The Attention Mechanism in Neural Networks Explained with Examples

📚 Table of Contents

Introduction
Why Do We Need Attention?
How Attention Works
Types of Attention
Step-by-Step Example with Python
Summary
References

🚀 Introduction

Attention mechanism has revolutionized NLP and deep learning by allowing models to focus on relevant parts of the input when generating output—overcoming the bottleneck of fixed-size context vectors in classic encoder-decoder architectures.

❓ Why Do We Need Attention?

In vanilla Seq2Seq models, the encoder compresses the input into a fixed-size vector. This works fine for short sentences but fails with longer or complex ones. Attention solves this by dynamically weighting all encoder outputs during decoding.

🔍 How Attention Works

In each decoding step:

Compare the decoder’s current state with all encoder outputs.
Compute alignment scores.
Apply softmax to get attention weights.
Compute a context vector as the weighted sum of encoder outputs.
Combine it with the decoder state to predict the next token.

🧠 Types of Attention

Additive Attention (Bahdanau)
Dot-Product Attention (Luong)
Self-Attention (used in Transformers)

We’ll implement Additive Attention as it’s easier to understand.

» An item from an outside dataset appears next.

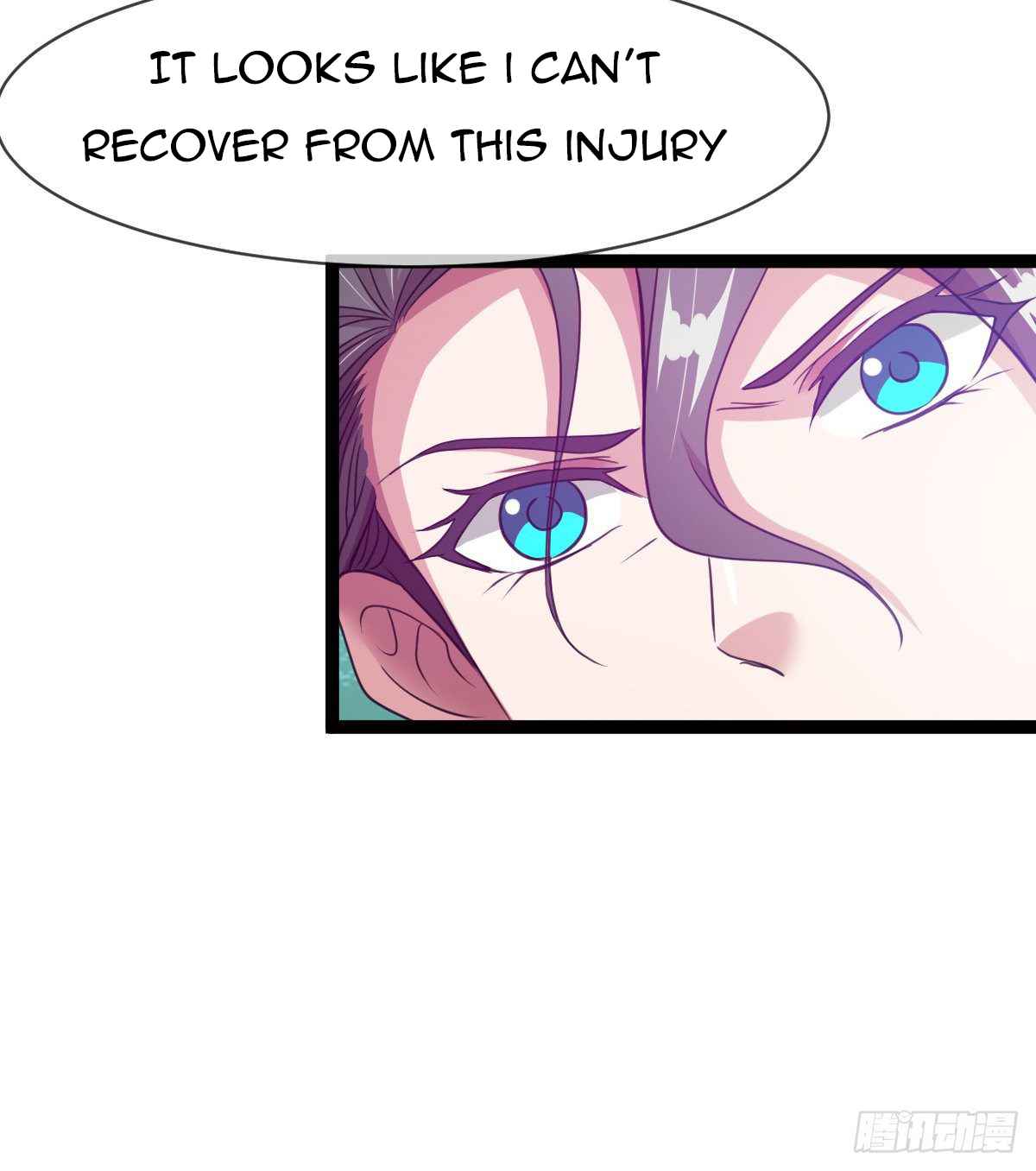 Devoted Demon Lord Chapter 11 - Page 19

🛠️ Step-by-Step Example with Python

📌 Installing Dependencies

pip install torch numpy

📌 Preparing Data

We’ll use a dummy dataset for clarity.

import torch
import torch.nn as nn
import torch.nn.functional as F

# Simulate encoder outputs (sequence of hidden states) and decoder hidden state
encoder_outputs = torch.randn(5, 1, 16)  # 5 timesteps, batch size 1, hidden size 16
decoder_hidden = torch.randn(1, 1, 16)   # current decoder hidden state

🔧 Implementing Additive Attention

class AdditiveAttention(nn.Module):
    def __init__(self, hidden_size):
        super(AdditiveAttention, self).__init__()
        self.attn = nn.Linear(hidden_size * 2, hidden_size)
        self.v = nn.Parameter(torch.rand(hidden_size))

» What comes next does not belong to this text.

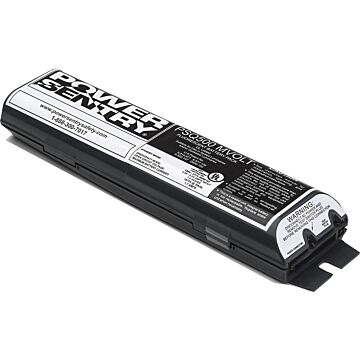 Power Sentry PSQ500QD Fluorescent Battery Pack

    def forward(self, hidden, encoder_outputs):
        # Repeat decoder hidden state across sequence length
        seq_len = encoder_outputs.size(0)
        hidden = hidden.repeat(seq_len, 1, 1)

        # Calculate energy
        energy = torch.tanh(self.attn(torch.cat((hidden, encoder_outputs), dim=2)))
        energy = energy.transpose(1, 2)  # reshape for batch matrix multiplication

        # Learnable vector for scoring
        v = self.v.repeat(encoder_outputs.size(1), 1).unsqueeze(1)

        # Compute attention weights
        attention_weights = torch.bmm(v, energy).squeeze(1)
        return F.softmax(attention_weights, dim=1)

➕ Using It in Practice

# Instantiate and apply attention mechanism
attention = AdditiveAttention(hidden_size=16)
weights = attention(decoder_hidden, encoder_outputs)
print("Attention weights:", weights)

This will output attention weights for each encoder timestep — showing how much the decoder focuses on each input position during prediction.

🎯 Summary

Attention allows neural networks to dynamically focus on relevant parts of the input. It’s the foundation of modern architectures like Transformers and improves performance on tasks like translation, summarization, and more.